If Agassi isn't threat enough to Sampras, Rafter may be. Rafter's world changed when he won the Open last year, but after a stretch of patchy tennis, he may be up for the challenge of defending his title. For one thing, he won't be weighed down, as Sampras was at 20 when he came back to defend his first Open title, by the sense of carrying an unbearable weight.

"I don't think I will ever say it's a burden because it is something I always wanted to happen," said Rafter, seeded No. 3 this year and in Sampras' half of the draw. "At times it's been tough dealing with a lot of extra things on the side other than tennis. That has been very tough. But a burden I would never say because it is something it has been a big dream of mine to win."

Sampras, Agassi and Rafter are among perhaps eight men who could capture the Open without too much of a surprise. Among the women, the number jumps to about a dozen.

Start with defending champion Martina Hingis, but consider how spotty and, at times, indifferent her game has been this year since winning the first major in Australia.
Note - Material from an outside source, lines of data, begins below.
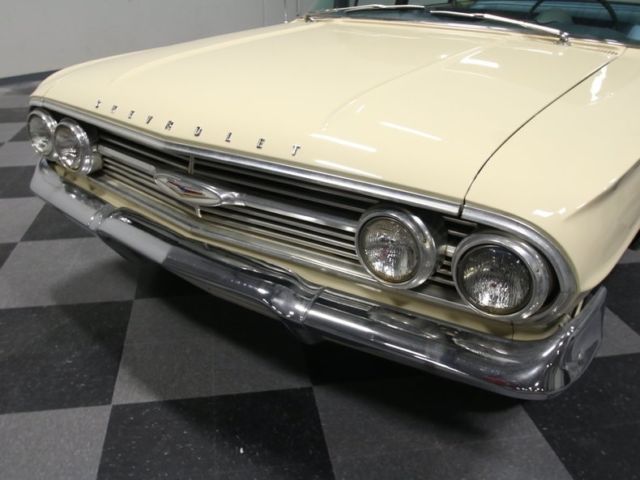 1960 Cream Chevrolet Bel Air/150/210 Sedan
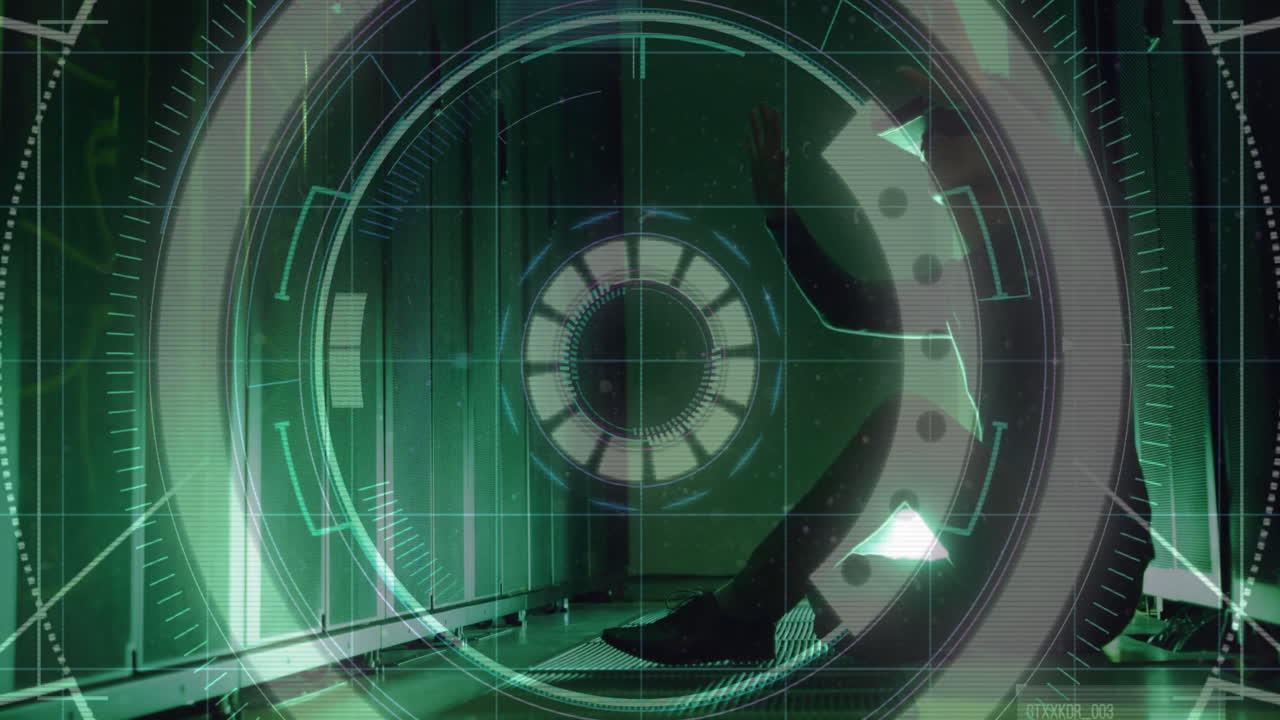 анимация цифровой обработки данных с соединениями через компьютерные серверы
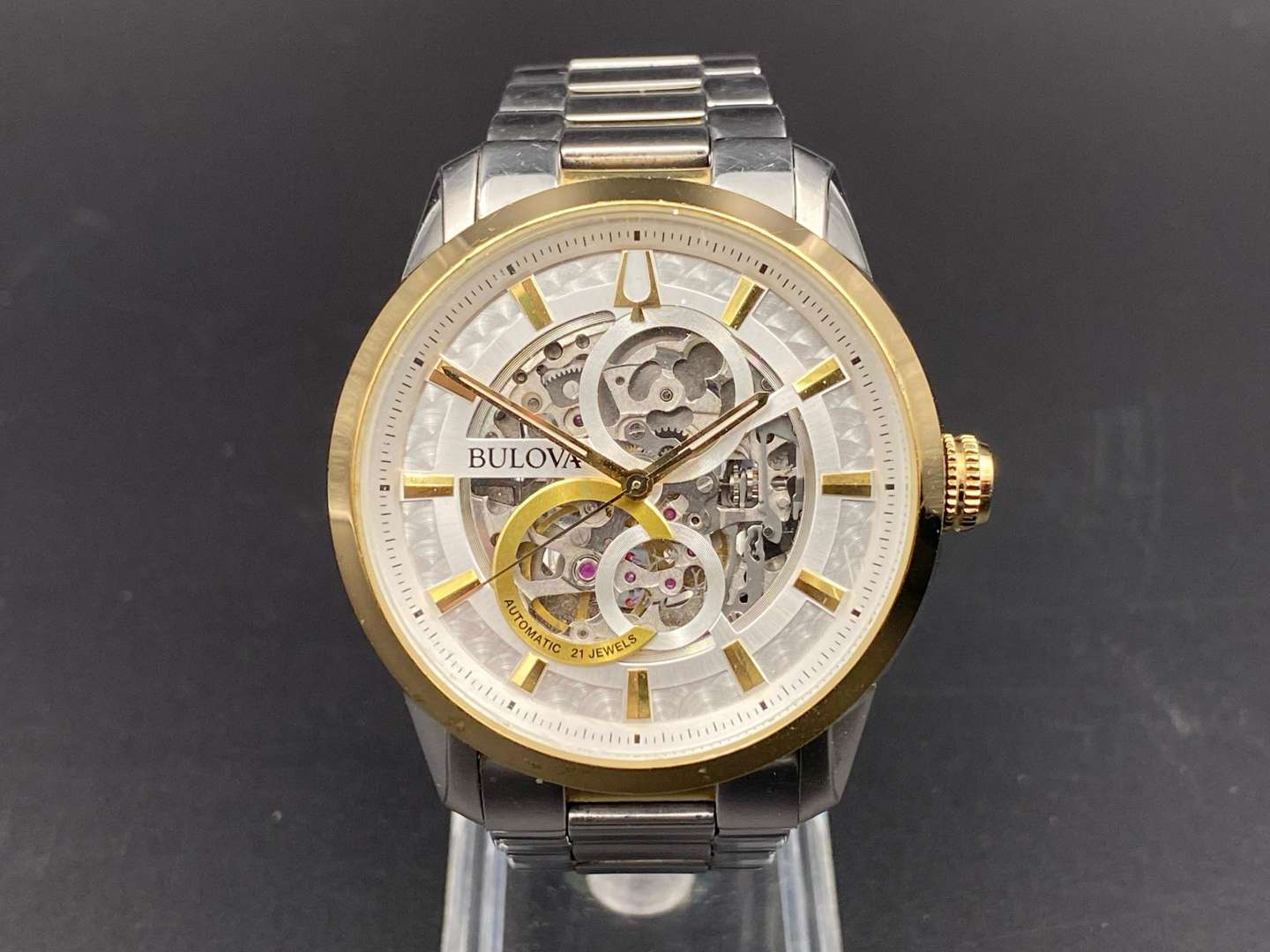 <p>BULOVA, Classic Skeleton automatic stainless steel, centre seconds wristwatch,98A214, C9771059</p>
Remember the surge Venus Williams put on to get to the final last year, and the way she's matured this year.

Consider the tear Lindsay Davenport has been on this summer as she keeps melting away pounds and mounting up victories. Think about indefatigable Arantxa Sanchez Vicario winning the French Open, and Jana Novotna striking another blow for the older set by capturing Wimbledon at last. Look at the threats posed by the likes of Nathalie Tauziat, Natasha Zvereva, Conchita Martina and, most obviously, Monica Seles, pounding away, free of pain and worry, showing flashes of her once-invincible groundstrokes.

And, finally, don't forget the budding brilliance of Serena Williams and Anna Kournikova, nor Steffi Graf, returning after a year on the sidelines, her fragile knees and back and ankles holding up so far.

A five-time U.S. Open champion who sat out last year after knee surgery, Graf is seeded No. 8 this time, the middle of the pack but as dangerous as ever.

"I'm absolutely fine; there are no problems," Graf said. "I've got the shots and I've got the strength. I just need the confidence."